» What needs to be done
Repeat exactly the line that contains "Le 5 a 7 24 Snake Black Lambskin Ghw" and every line after it, down to the last line of the entries below. Do not include pictures.

» Information given
_____
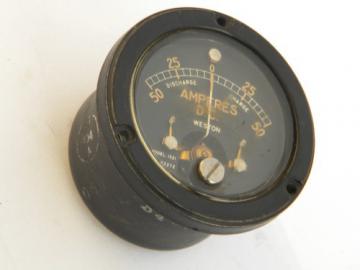 Vintage industrial ruggedized Weston model 1521 DC amp panel meter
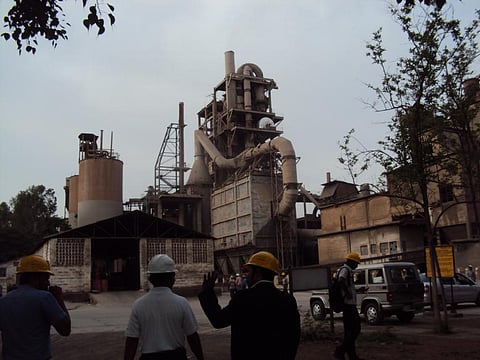 A cement plant in Bengaluru. Credit: Kanika Bahel/CSE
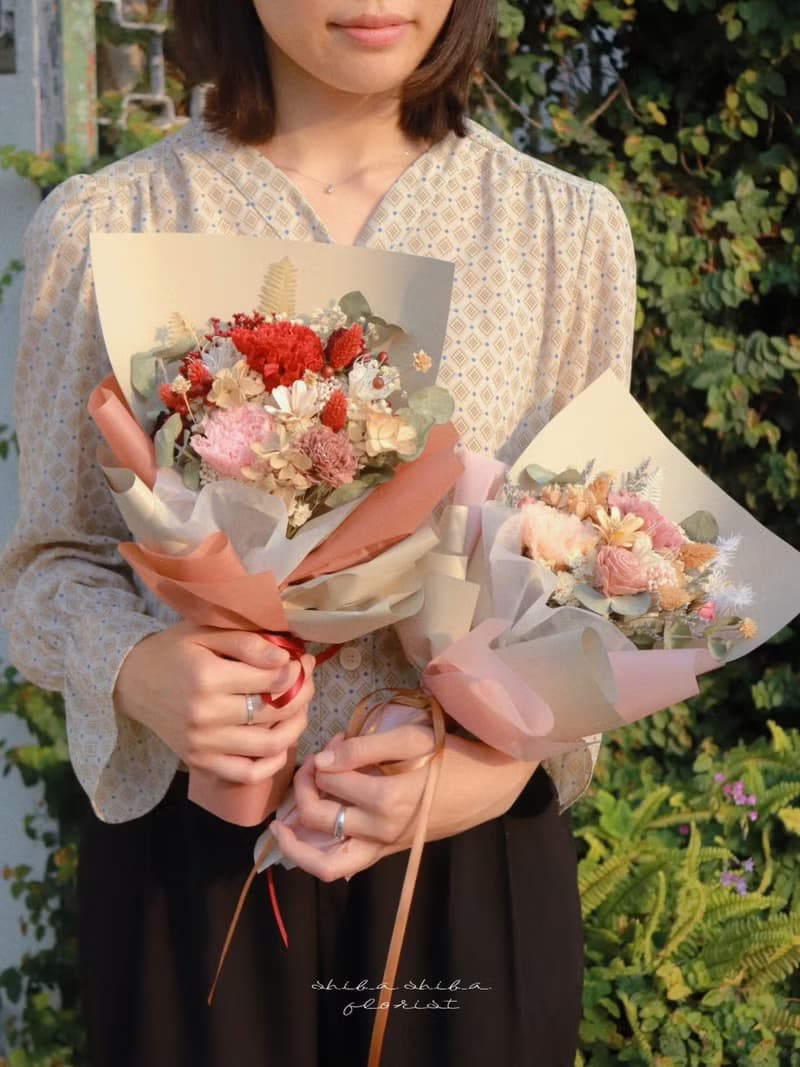 | 母親節花束 | - 孕藏 - 康乃馨永生花束 (雙色)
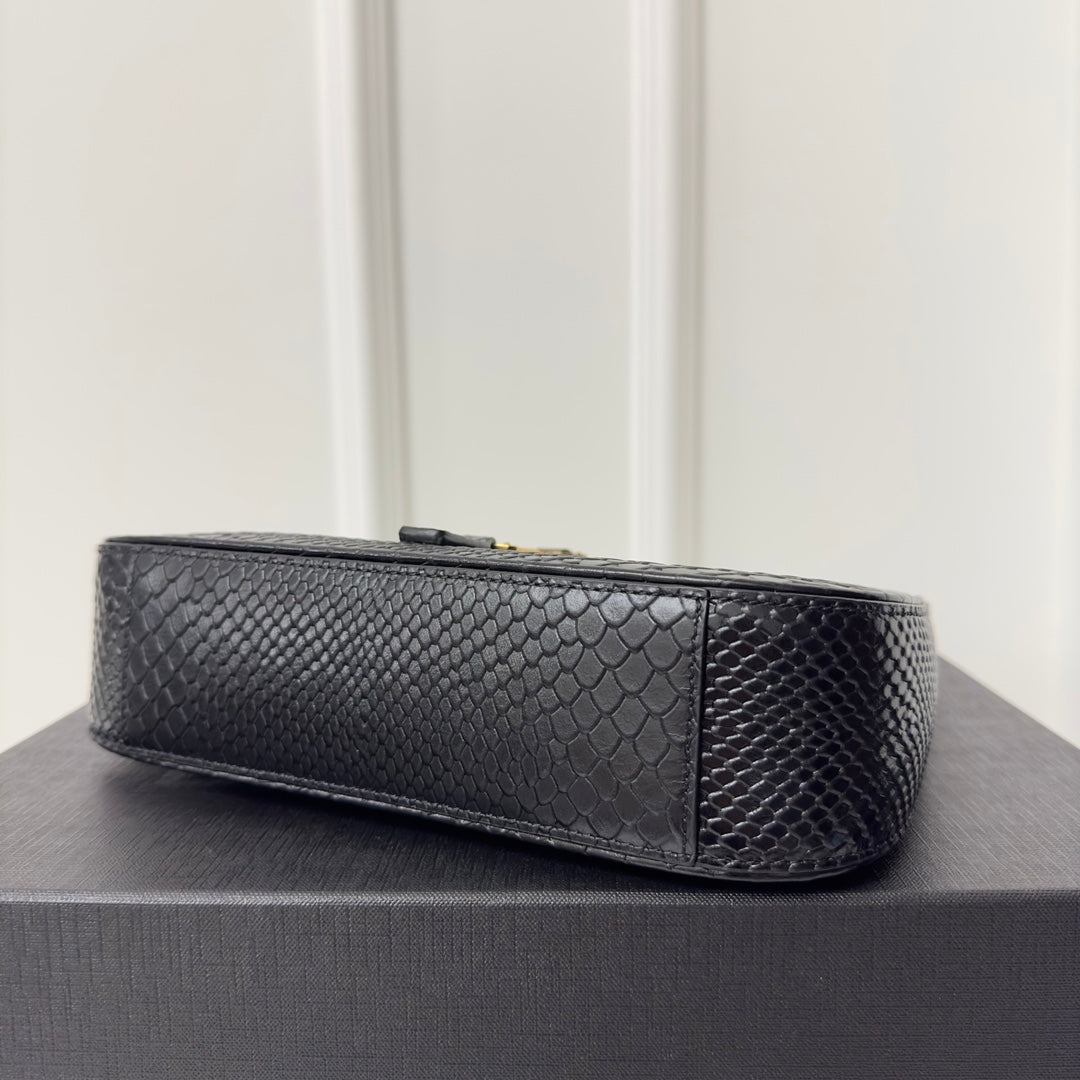 Le 5 a 7 24 Snake Black Lambskin Ghw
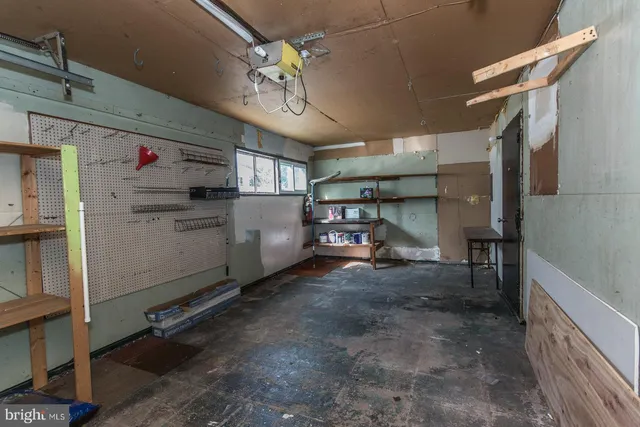 $2,990 | 29 Vividleaf Lane, Levittown, PA 19054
_____
» Result for this exercise
 Le 5 a 7 24 Snake Black Lambskin Ghw
 $2,990 | 29 Vividleaf Lane, Levittown, PA 19054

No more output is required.